The City of Thunder Bay manages its own parcel mapping data. In 2023, the City upgraded from the ArcMap parcel fabric to the ArcGIS Parcel Fabric in ArcGIS Pro. It was a major change, but it’s proven its worth by saving the City many hours of work fixing low-accuracy areas. Here’s how they did it.

The City of Thunder Bay, situated on Lake Superior, is the most populated city in northwestern Ontario with a metropolitan area of over 2,556 km2. That’s a lot of land to manage for a single municipality—especially given that they manage it themselves.

The City of Thunder Bay’s GIS team, led by Susan Henton, has been managing its own parcel mapping since the 1990s. In 2016, the City migrated to the ArcMap parcel fabric and enhanced its workflows to include capturing control points and survey parcel mapping. This led to increased accuracy in their parcel map, benefiting departments across the City who need to know how property within City limits is divided.

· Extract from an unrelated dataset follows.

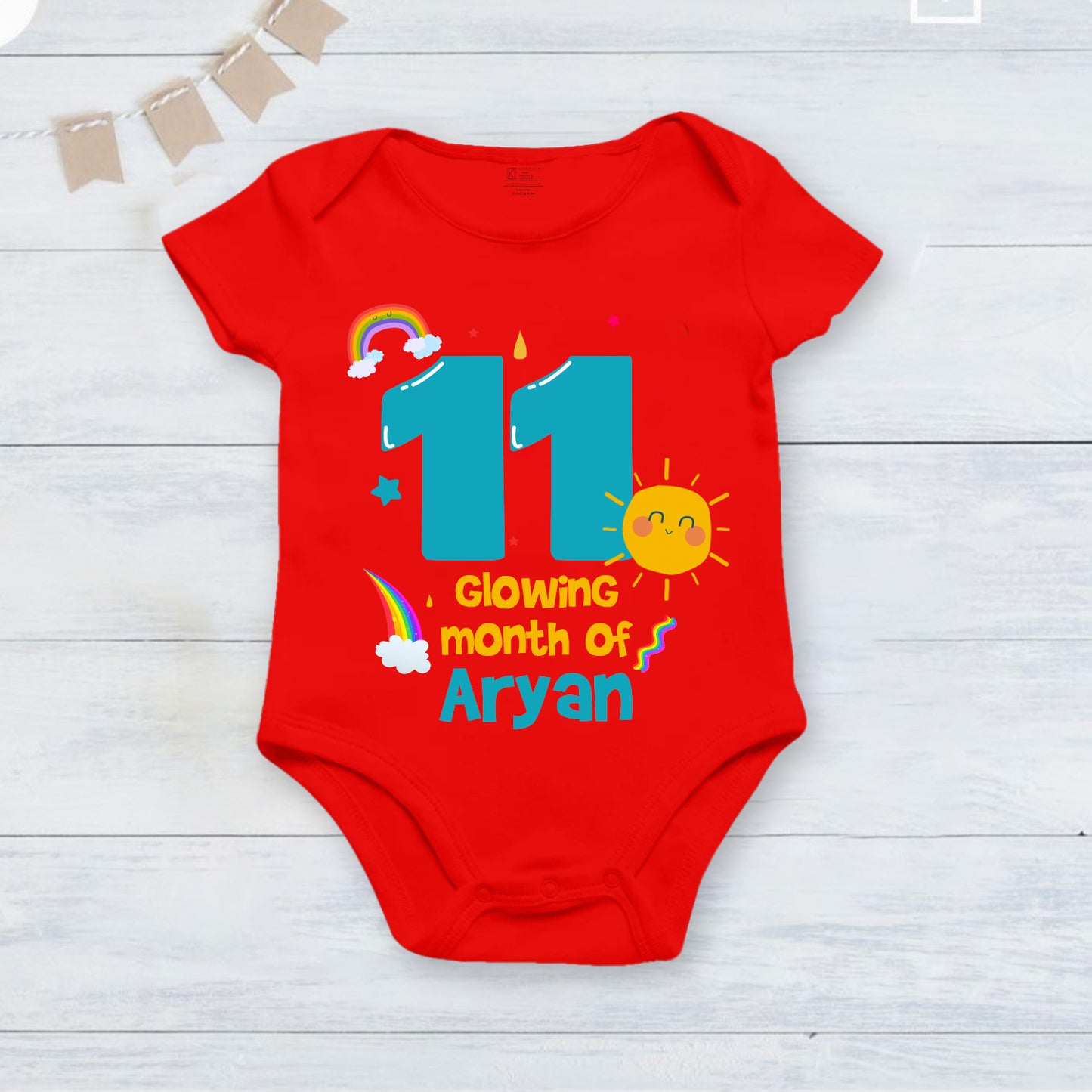 11th Infant monthly birthday_ With Customized Name Stylish Red Onesies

Having been a part of Esri Canada’s Land Information Solutions team since 2015, I was familiar with the City’s parcel fabric implementation and their unique needs, and was happy to assist when they came to Esri Canada for help when ArcMap’s deprecation was on the horizon.

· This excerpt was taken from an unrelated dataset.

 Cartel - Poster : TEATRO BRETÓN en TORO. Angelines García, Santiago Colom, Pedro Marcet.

The challenges of shifting to a record-based system

First, it’s important to understand why good parcel mapping data is essential. Keeping high-quality, accurate and current parcel mapping data is key because parcel maps need to match reality as closely as possible, preferably with good data that has no quality issues related to gaps and connectivity. Problems originating in the parcel mapping data can negatively impact other municipal functions that use parcels, including permitting, engineering, realty, planning and emergency management, not to mention those downloading parcel mapping data from the City’s open data hub.

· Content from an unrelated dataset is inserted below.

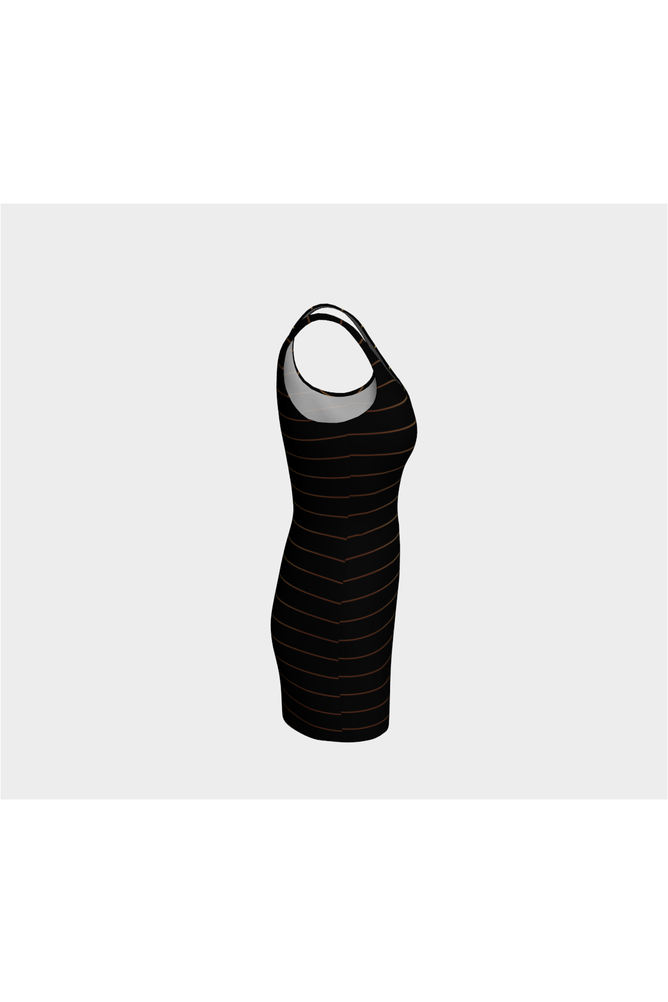 Gold Striped Black Bodycon Dress - Objet D'Art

The City had been working with the ArcMap parcel fabric. A parcel fabric is a continuous representation of connected parcels. Having an up-to-date, seamless parcel fabric allows users to access the best workflows and data management tools. It also allows them to increase both spatial and relative accuracy of the parcel mapping data by preserving recorded bearings and distances and capturing survey control.

However, when using the ArcMap parcel fabric, the City’s GIS team frequently had to correct misalignments between parcels (namely, areas of low accuracy and poor alignment) using a complicated process and specialized tools. “It’s like fixing issues in a 3D puzzle,” says Cassandra Knight, mapping technician with the City of Thunder Bay,  in the sense that a member of the team might have to take the whole thing apart to find a mistake. The process of correcting these misalignments was arduous and time-consuming. But despite the difficulties, the team knew the process for fixing low-accuracy areas and had been working with the ArcMap parcel fabric for years.

A screenshot of the City of Thunder Bay’s ArcMap parcel map, before the City moved to the ArcGIS Parcel Fabric in ArcGIS Pro. The screenshot shows an ArcMap window split between a menu on the left and a zoomed-in section of map on the right. The left-hand menu is titled “Parcel Details” and contains information about the section of map currently being viewed.

Before the City of Thunder Bay moved to the ArcGIS Parcel Fabric in ArcGIS Pro, they were using the ArcMap parcel fabric (shown above). When using the ArcMap parcel fabric, the City found that correcting areas of low accuracy and poor alignment was an arduous and time-consuming process.

In 2022, Esri’s ArcMap moved out of general availability and into extended support. To stay aligned with the latest and most powerful Esri GIS technology, the City knew it needed to modernize. The ArcGIS Parcel Fabric, a core functionality in ArcGIS Pro, promised to improve workflows and tools.

“We had to move over,” says Knight. “We needed to ensure that we could continue using the best tools possible to maintain our parcel mapping data, so that we could continue supporting all the different departments at the City that use it.”

But I know that moving to the new Parcel Fabric is never a straightforward process. The ArcGIS Parcel Fabric introduces a completely new data model that uses a services-based architecture. It’s also a record-based system, and all parcel maintenance workflows are driven off a parcel record (such as a survey plan or a split description). While all of these aspects benefit organizations that perform land records maintenance, they required the City to adopt a completely different way of thinking.

Land Information Solutions services help reduce risk and ease transition

To make this rather complex migration happen, the City worked with my team at Esri Canada, the Land Information Solutions team. We specialize in parcel mapping modernization projects of varying sizes across the country.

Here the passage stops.